Una terza tipologia in cui ho incontrato spunti interessanti per riflessioni future consiste infine in quelle ‘pratiche’ dell’arte contemporanea che possono essere di ispirazione per noi antropologi (forse meno nella fase investigativa e più in quella della restituzione risultati delle nostre ricerche), e che hanno a che fare con gli obiettivi – e di conseguenza con le scelte e le strategie espressive – del nostro lavoro. Personalmente sono stata molto toccata dalla trilogia Figuras en tránsito di Amador, artista maiorchino, così come da Islado 12 e Islado 15 di Manuel Valencia Alonso, e ancora dalla serie “Queens” di Xavier Mascaró (quest’ultima ospitata come progetto dal quotidiano El Mundo), così come da molte altre produzioni che giocano sullo scarto visibile/invisibile che ritengo sia essenziale nel discorso etnografico (d’altronde, come autori, operiamo anche noi nel verbale un processo di selezione e rielaborazione dei dati nel momento in cui ne esprimiamo le interpretazioni, e di lì le condividiamo).
Esco da ARCO con la piacevole sensazione che, se gli antropologi insistono che il concetto di ‘arte’ sia stato costruito – e venga ancora interpretato – sulla base dell’etnocentrismo occidentale e quindi che distinguere cosa sia arte e cosa non lo sia è un’operazione per lo meno illusoria, pure critica, galleristi e collezionisti non possono permettersi tanta sicumera, ché in qualsiasi momento potrebbe arrivare il furbastro del momento o l’intersezione di eventi fortuiti che fa filotto delle loro certezze.

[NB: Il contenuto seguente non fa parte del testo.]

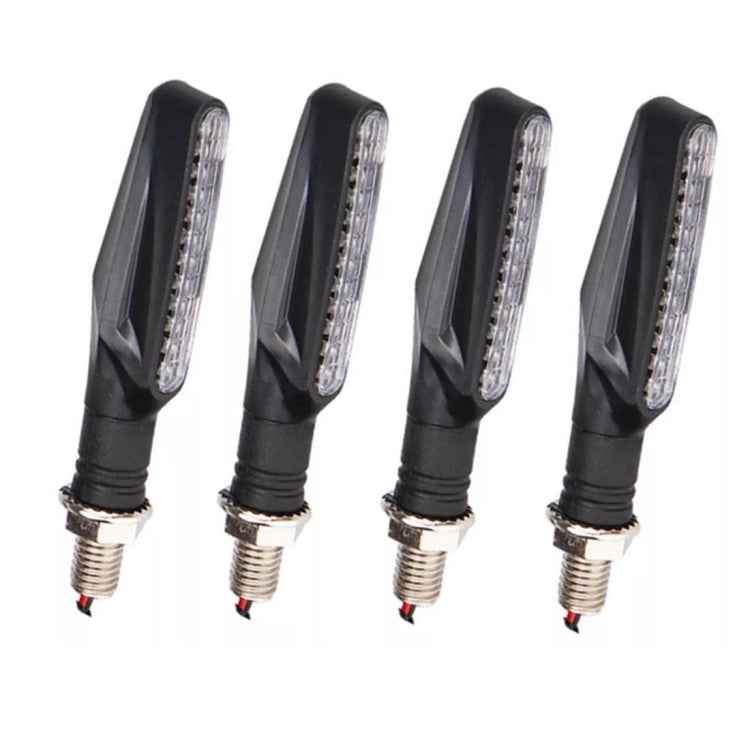 4 PCS DC 12V Motorcycle 12-LED Turn Signal Indicators Blinker Light, (Yellow Light)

Ben venga allora il perdersi, così che si possano (ri)costruire i propri punti di riferimento, come scriveva Franco La Cecla anni or sono (Mente Locale, 1993), indagando le modalità e le ragioni dei nostri gusti individuali, e di lì condividerli. Anche proprio solo per sottrarci alla sensazione d’essere ignoranti indegni di proferir parola davanti a un bicchiere d’acqua mezzo vuoto valutato decine di migliaia di euro. Ché non fosse stato pieno dei batteri raccolti in quattro giorni di fiera e non avessi avuto la certezza che la sicurezza m’avrebbe impacchettata all’istante se l’avessi fatto, con la sete che avevo in quel carnaio me lo sarei bevuto!